Hey Patty! It's Katy, from your class! I am all up in arms about Strickland's plan, and I, too, would like to know what others outside of Ohio feel about extending the school year. Not to mention the all-day kindergarten mandate. We are cutting our all-day programs in our Title buildings because of no funds, and now we'll have to provide it in ALL buildings for 2010-2011! Not that I disagree with all-day kindergarten because I believe we truly need it, but we don't have the funds as it is. Our 4th levy has a special election next Tuesday, and we can't seem to pass one to save our life! How are we going to pay for everything he wants now?

Michelle Grace Fuentes's picture
Anonymous (not verified)

I teach in Oklahoma at a charter school and we go to school for 197 days per year. I personally love our school year, however it does make for a really long year for the teacher. We start school the last week of July and go until the first week of June. The second week of June our summer school program begins for 5 weeks. This means that basically we are a year round school, which is what our school board is planning on us doing in the future. We also have a longer school day than most, we go to school from 7:30 to 3:15 each day and have Saturday school from 8-12. While we do spend more on supplies and salaries we must do it to get our students where they need to be.


James Dinwiddie's picture
Anonymous (not verified)

Rigor Revisited

I would like to share views about the use of the words "rigor" and "rigorous" in an education context. The video introducing the George Lucas Foundation describes their advocacy for a "rigorous" curriculum. Many educators have heard parents say something like, "My child needs a really rigorous curriculum," or "Our school emphasizes rigor."

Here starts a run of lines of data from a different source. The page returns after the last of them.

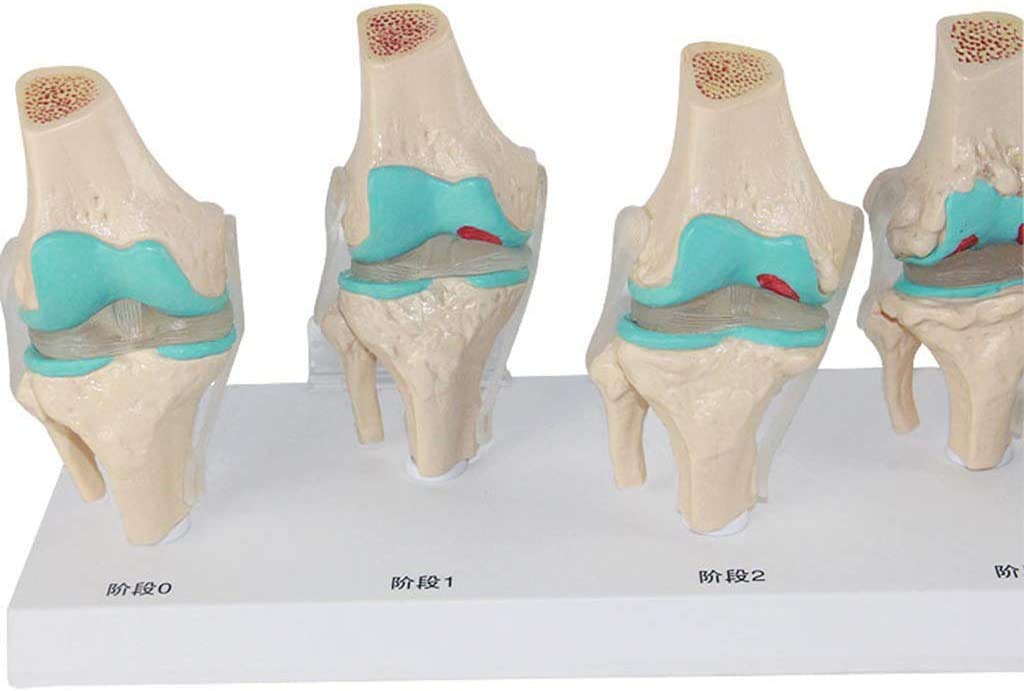 Modèle de blessure au Genou en 6 étapes - Le Genou modèle Anatomique Joint - Affichage de la Science de l'étude en Classe avec des modèles de Rubans et de matériel médical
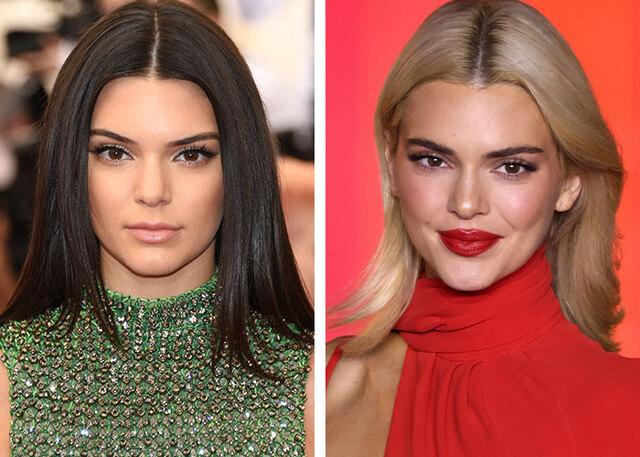 Kendall Jenner continues to deny surgery speculation, even as persistent rumors swirl.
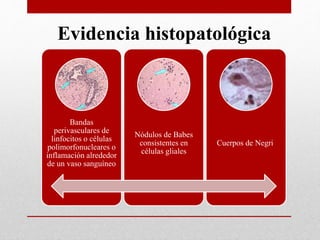 Evidencia histopatológica
Bandas
perivasculares de
linfocitos o células
polimorfonucleares o
inflamación alrededor
de un vaso sanguíneo
Nódulos de Babes
consistentes en
células gliales
Cuerpos de Negri
 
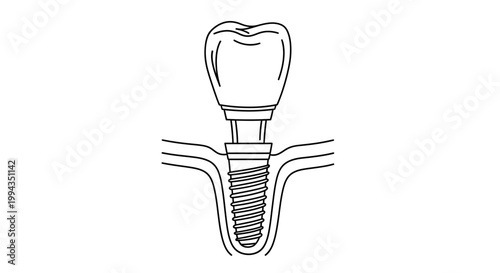 Dental implant screw illustration for oral healthcare and medical education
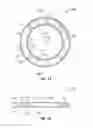 Fig. 02 - Downhole tool retainer and guide ring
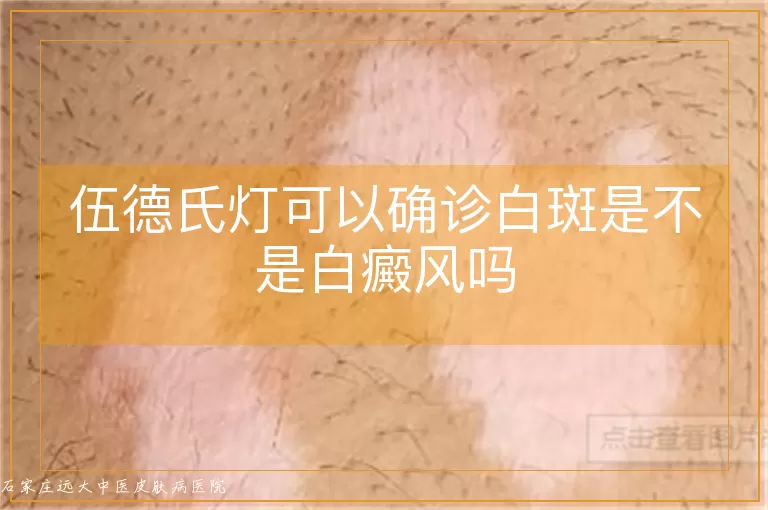 伍德氏灯可以确诊白斑是不是白癜风吗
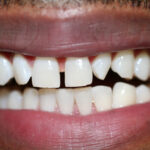 markees before space between teeth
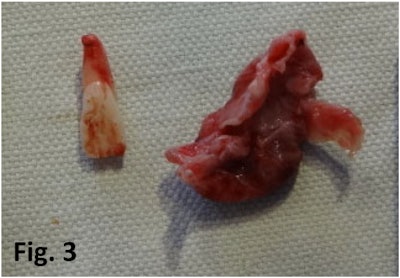 The removed displaced tooth and its fibrous capsule. Image courtesy of SJ Shah et al. Licensed under CC BY-NC 4.0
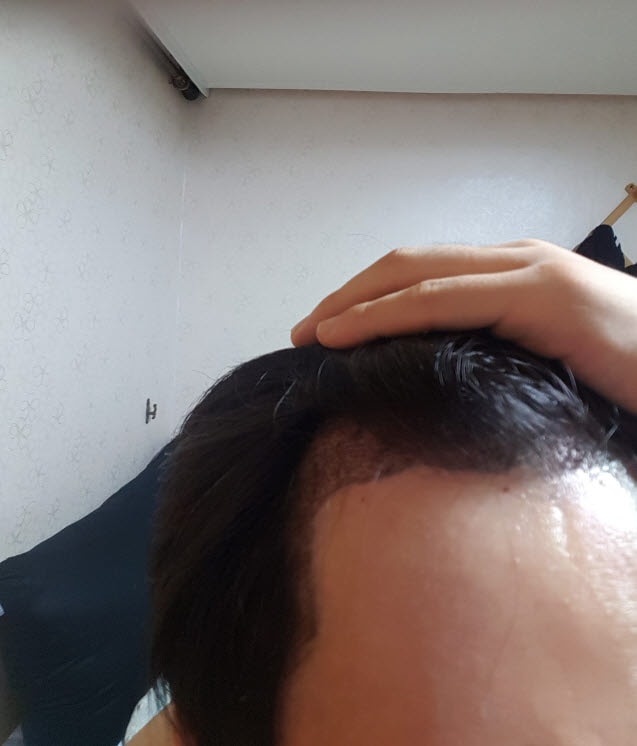 후2.jpg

Here is the definition of "rigor":

* Main Entry: rig*or
* Pronunciation: \'ri-g@r\
* Function: noun
* Etymology: Middle English rigour, from Anglo-French, from Latin rigor, literally, stiffness, from rigere to be stiff
* Date: 14th century

1 a (1) : harsh inflexibility in opinion, temper, or judgment : severity (2) : the quality of being unyielding or inflexible : strictness (3) : severity of life : austerity b : an act or instance of strictness, severity, or cruelty
2 : a tremor caused by a chill
3 : a condition that makes life difficult, challenging, or uncomfortable; especially : extremity of cold
4 : strict precision : exactness
5 a obsolete : rigidity, stiffness b : rigidness or torpor of organs or tissue that prevents response to stimuli c : rigor mortis

Synonyms for rigor from MS Word 2000:
severity, strictness, harshness, firmness, inflexibility, rigidity Antonym=flexibility

I'm quite certain that educators and parents advocating for "rigor" don't intend what this word defines, and would never recommend "severity", "inflexibility" or "rigidity" for any learning environment. However, I continually hear this word misused by educators who should know better.

Rigor does have an educational context. It derives from the teaching emphasis of the pre-modern era; of "rote and rod"; of pedant teachers administering inflexible and stiff curricula with a harsh, severe, even cruel attitude. Is this what we're advocating for? Are we truly implying such a regression?

Please share your thoughts, but don't advocate for some other meaning of "rigor" because there really isn't one. Words count and so do their meanings -- especially for educators. Let's choose some different words to advocate for the type of education we really want.

Howard Knights's picture
Anonymous (not verified)

just to let the team know that I roamed the site - several discussion forums - and I really thing it is great! Thanks.